1. A process of making a lithium ion battery cathode, the process comprising the step of forming a slurry of an active material, a nano-size conductive agent, a binder polymer, a solvent and a dispersant,

the solvent consisting essentially of one or more of a compound of Formula 1

in which R1 and R2 are hydrogen or a C1-4 straight or branched chain alkyl or alkoxy, and R3 is a C1-10 straight or branched chain alkyl or alkoxy, with the proviso that R1 and R2 are not both hydrogen; and

optionally, one or more of N,N-dimethylacetoacetamide, N,N-diethylacetoacetamide, γ-valerolactone, triethyl phosphate; and

the dispersant comprises polyvinyl pyrrolidone.

2. The process of claim 1, wherein the solvent consists of a compound of Formula 1.

3. The process of claim 2, wherein the solvent is N,N-dimethylpropionamide.

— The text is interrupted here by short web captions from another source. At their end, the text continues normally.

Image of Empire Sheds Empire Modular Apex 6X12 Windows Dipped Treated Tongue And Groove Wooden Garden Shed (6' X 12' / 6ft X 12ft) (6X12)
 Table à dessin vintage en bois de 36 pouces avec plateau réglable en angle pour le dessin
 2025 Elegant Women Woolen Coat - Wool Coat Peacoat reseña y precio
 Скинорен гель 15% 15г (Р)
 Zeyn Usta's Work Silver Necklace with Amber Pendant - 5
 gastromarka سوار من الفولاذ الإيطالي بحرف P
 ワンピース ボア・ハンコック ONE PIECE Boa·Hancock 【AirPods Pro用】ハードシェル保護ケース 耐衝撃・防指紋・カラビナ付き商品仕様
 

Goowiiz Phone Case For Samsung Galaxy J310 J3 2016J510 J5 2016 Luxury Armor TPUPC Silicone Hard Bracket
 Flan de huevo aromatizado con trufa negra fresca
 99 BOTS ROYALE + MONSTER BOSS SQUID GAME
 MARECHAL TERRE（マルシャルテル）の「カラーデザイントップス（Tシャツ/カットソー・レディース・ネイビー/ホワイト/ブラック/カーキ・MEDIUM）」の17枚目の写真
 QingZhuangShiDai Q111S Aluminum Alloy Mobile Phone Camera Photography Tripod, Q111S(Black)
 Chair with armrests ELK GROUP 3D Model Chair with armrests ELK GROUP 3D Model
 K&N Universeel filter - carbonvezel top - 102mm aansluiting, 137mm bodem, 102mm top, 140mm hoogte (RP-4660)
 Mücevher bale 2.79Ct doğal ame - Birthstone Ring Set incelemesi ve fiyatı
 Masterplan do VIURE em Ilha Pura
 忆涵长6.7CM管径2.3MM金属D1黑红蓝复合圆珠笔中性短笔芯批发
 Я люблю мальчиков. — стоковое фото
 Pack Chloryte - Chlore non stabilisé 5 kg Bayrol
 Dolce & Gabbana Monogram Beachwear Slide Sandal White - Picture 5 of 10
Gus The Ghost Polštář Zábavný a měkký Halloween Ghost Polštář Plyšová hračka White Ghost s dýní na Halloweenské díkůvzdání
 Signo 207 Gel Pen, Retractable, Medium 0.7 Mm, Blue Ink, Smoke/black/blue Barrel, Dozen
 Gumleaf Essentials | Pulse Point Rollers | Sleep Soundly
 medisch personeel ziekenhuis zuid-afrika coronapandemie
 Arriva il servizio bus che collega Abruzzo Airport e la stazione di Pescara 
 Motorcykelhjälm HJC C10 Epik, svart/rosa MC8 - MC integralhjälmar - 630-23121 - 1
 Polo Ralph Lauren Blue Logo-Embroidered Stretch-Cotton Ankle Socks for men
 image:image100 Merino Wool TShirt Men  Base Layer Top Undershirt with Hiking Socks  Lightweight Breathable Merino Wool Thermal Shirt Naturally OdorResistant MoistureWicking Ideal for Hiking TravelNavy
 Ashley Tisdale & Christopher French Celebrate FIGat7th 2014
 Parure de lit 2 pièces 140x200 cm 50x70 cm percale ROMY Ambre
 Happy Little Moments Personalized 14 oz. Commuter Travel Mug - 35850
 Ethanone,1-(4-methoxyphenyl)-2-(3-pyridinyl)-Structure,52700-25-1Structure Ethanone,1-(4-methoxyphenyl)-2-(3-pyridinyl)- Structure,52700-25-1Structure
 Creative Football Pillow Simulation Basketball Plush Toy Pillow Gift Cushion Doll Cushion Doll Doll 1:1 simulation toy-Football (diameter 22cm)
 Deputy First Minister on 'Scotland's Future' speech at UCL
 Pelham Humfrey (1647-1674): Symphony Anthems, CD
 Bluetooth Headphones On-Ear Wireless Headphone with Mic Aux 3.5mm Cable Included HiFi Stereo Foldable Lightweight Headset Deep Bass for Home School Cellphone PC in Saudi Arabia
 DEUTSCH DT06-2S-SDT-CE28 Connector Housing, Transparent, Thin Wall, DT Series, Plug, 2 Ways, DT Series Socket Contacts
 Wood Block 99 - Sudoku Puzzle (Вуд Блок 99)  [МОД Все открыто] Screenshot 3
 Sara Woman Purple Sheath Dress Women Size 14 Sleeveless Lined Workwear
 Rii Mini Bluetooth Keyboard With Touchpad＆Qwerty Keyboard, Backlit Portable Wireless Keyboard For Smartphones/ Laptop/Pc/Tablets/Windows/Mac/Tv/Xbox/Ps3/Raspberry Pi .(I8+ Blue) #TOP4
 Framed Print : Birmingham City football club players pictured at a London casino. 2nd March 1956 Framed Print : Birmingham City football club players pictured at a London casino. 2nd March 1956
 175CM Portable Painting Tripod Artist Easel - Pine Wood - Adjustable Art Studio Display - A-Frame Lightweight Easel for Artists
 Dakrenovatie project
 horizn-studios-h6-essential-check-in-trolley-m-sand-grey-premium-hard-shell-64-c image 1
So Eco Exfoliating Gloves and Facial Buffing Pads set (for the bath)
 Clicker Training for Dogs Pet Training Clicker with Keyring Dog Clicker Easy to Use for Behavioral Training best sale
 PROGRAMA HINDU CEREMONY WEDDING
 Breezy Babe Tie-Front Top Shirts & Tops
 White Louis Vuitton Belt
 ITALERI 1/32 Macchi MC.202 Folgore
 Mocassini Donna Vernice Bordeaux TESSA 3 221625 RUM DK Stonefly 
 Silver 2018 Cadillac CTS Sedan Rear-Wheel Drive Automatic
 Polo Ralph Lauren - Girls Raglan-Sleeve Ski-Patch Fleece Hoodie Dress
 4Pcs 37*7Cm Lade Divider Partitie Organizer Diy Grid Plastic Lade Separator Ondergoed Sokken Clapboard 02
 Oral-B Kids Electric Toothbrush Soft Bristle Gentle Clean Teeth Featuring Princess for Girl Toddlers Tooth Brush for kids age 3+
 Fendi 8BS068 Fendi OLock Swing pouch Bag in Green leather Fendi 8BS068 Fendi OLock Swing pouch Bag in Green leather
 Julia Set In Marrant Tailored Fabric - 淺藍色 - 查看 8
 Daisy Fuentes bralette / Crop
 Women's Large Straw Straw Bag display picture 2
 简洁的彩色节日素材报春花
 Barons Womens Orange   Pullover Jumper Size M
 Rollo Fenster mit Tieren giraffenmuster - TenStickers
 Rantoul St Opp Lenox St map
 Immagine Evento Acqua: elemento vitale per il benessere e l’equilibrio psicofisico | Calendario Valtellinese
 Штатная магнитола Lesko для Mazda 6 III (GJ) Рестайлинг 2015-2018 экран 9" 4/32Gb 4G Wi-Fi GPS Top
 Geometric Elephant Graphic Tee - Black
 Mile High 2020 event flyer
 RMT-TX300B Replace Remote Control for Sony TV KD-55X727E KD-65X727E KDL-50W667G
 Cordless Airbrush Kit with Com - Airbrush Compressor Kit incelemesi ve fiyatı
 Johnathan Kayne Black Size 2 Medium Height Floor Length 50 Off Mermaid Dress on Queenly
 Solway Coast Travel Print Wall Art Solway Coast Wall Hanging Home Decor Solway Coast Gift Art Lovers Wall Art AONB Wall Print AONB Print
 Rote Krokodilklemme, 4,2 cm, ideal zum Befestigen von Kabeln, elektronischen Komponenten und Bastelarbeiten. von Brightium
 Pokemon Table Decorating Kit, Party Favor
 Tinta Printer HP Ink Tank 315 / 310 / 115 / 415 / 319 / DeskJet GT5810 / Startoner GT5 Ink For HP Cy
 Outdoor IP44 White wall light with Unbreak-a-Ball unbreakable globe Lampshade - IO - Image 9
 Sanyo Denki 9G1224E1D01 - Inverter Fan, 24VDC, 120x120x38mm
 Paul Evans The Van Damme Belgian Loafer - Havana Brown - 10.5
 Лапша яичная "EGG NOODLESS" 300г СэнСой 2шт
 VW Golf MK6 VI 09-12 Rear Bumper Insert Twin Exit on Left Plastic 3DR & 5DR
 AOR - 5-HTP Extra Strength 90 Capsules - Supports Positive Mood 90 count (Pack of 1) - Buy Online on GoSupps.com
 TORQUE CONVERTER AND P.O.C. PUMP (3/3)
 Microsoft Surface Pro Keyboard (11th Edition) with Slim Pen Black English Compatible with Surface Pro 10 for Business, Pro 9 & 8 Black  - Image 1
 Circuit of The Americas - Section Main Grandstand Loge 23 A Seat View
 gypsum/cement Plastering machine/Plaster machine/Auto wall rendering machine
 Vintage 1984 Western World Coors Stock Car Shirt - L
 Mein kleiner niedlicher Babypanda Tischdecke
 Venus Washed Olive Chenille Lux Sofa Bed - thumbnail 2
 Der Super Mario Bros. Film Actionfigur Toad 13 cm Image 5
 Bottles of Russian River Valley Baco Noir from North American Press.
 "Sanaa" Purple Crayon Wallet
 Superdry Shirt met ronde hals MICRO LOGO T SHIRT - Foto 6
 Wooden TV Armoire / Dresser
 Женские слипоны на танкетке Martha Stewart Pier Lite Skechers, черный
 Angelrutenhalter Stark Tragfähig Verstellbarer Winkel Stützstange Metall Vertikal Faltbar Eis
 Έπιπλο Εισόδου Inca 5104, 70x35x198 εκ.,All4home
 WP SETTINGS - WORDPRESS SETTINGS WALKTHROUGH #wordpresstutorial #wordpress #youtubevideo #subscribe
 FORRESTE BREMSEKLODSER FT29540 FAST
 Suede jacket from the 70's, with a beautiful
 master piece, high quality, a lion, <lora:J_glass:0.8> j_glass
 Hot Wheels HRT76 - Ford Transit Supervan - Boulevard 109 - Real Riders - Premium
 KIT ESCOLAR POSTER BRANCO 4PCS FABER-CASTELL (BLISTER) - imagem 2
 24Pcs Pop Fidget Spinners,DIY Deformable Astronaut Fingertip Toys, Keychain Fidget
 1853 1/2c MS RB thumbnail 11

4. The process of claim 1, wherein the solvent consists of a compound of Formula 1 and at least one of N,N-dimethylacetoacetamide, N,N-diethylacetoacetamide, γ-valerolactone, and triethyl phosphate.

5. The process of claim 4, wherein the compound of Formula 1 is N,N-dimethylpropionamide.

6. The process of claim 1 in which the nano-size conductive agent is carbon black, carbon nano-tubes, graphene, or nano-graphite.

7. The process of claim 1 in which the binder polymer is polyvinylidene fluoride (PVDF).

8. The process of claim 1 in which the active material is one or more of lithium cobalt oxide (LiCoO2), lithium manganese oxide (LiMn2O4), lithium nickel manganese cobalt oxide (LiNiMnCoO2), lithium iron phosphate (LiFePO4), lithium nickel cobalt aluminum oxide (LiNiCoAlO2), and lithium titanate (Li4Ti5O12).

9. A cathode made by the process of claim 1.

10. A lithium ion battery comprising the cathode of claim 9.